Assignment
Omitting every picture, copy the lines from the one that contains "Buy POND'S Dreamflower" through the last line of the records below, exactly and with nothing added.

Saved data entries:

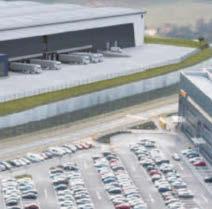Huge warehouse project could bring 100s of jobs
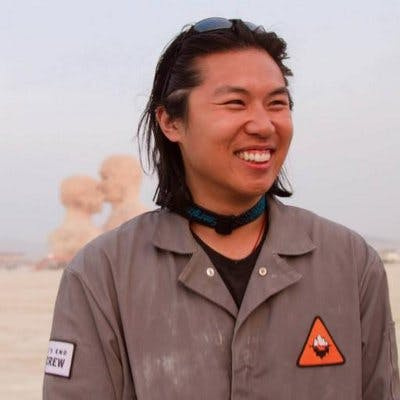 Growth Everywhere | Entrepreneurial Stories | Business Lessons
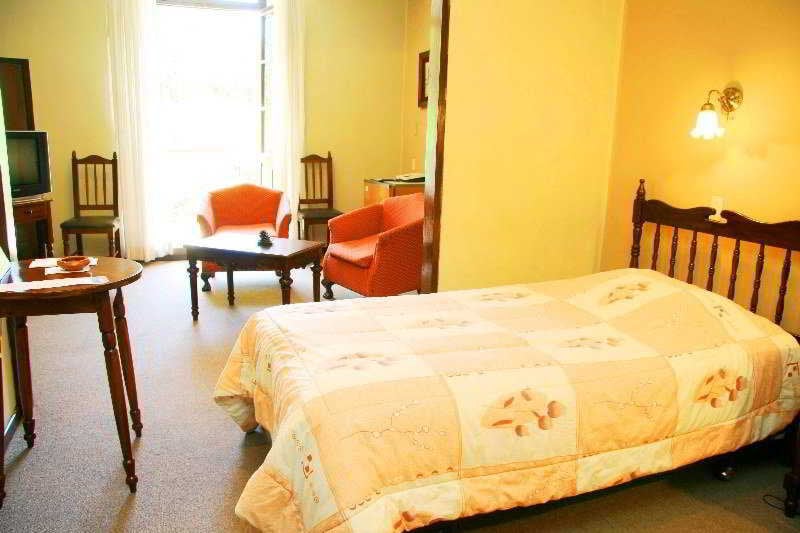 Colonial | Sucre | Bolivie | Amérique du Sud 9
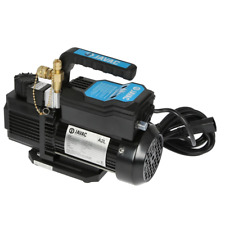 Javac Vakuumpumpe für Kälteanlagen und Wärmepumpen JAV-1069-A2L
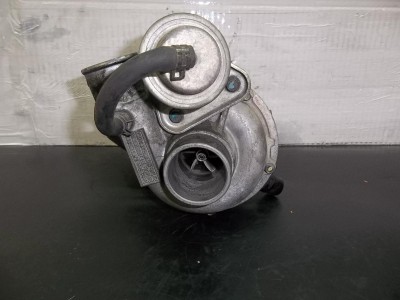 Turbo-Compresor KIA CARNIVAL 2004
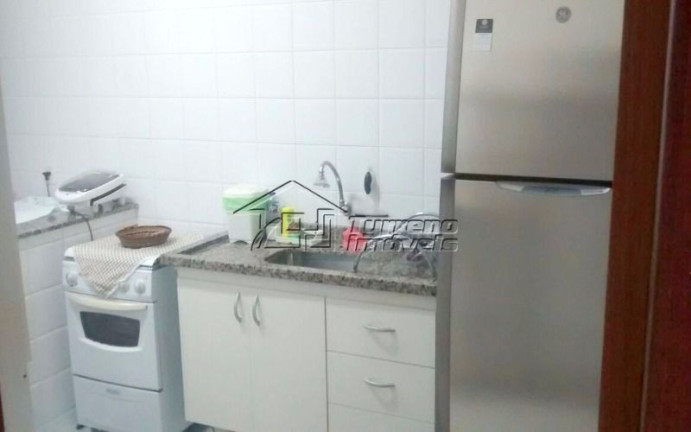 Imagem Apartamento com 2 Quartos à Venda, 67 m² em Parque Industrial - São José Dos Campos Imagem Apartamento com 2 Quartos à Venda, 67 m² em Parque Industrial - São José Dos Campos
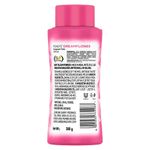 Buy POND'S Dreamflower Fragrant Talcum Powder, Pink Lily (200 g) - Purplle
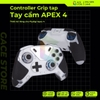 Miếng Dán Grip Tape 3M Chống Trượt Cho Tay cầm Flydigi Apex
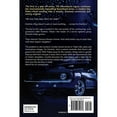 thumbnail image 2 of One Last Rainy Day by Kate Stewart, Paperback, 2 of 2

Response to the exercise
 Buy POND'S Dreamflower Fragrant Talcum Powder, Pink Lily (200 g) - Purplle
 Miếng Dán Grip Tape 3M Chống Trượt Cho Tay cầm Flydigi Apex
 thumbnail image 2 of One Last Rainy Day by Kate Stewart, Paperback, 2 of 2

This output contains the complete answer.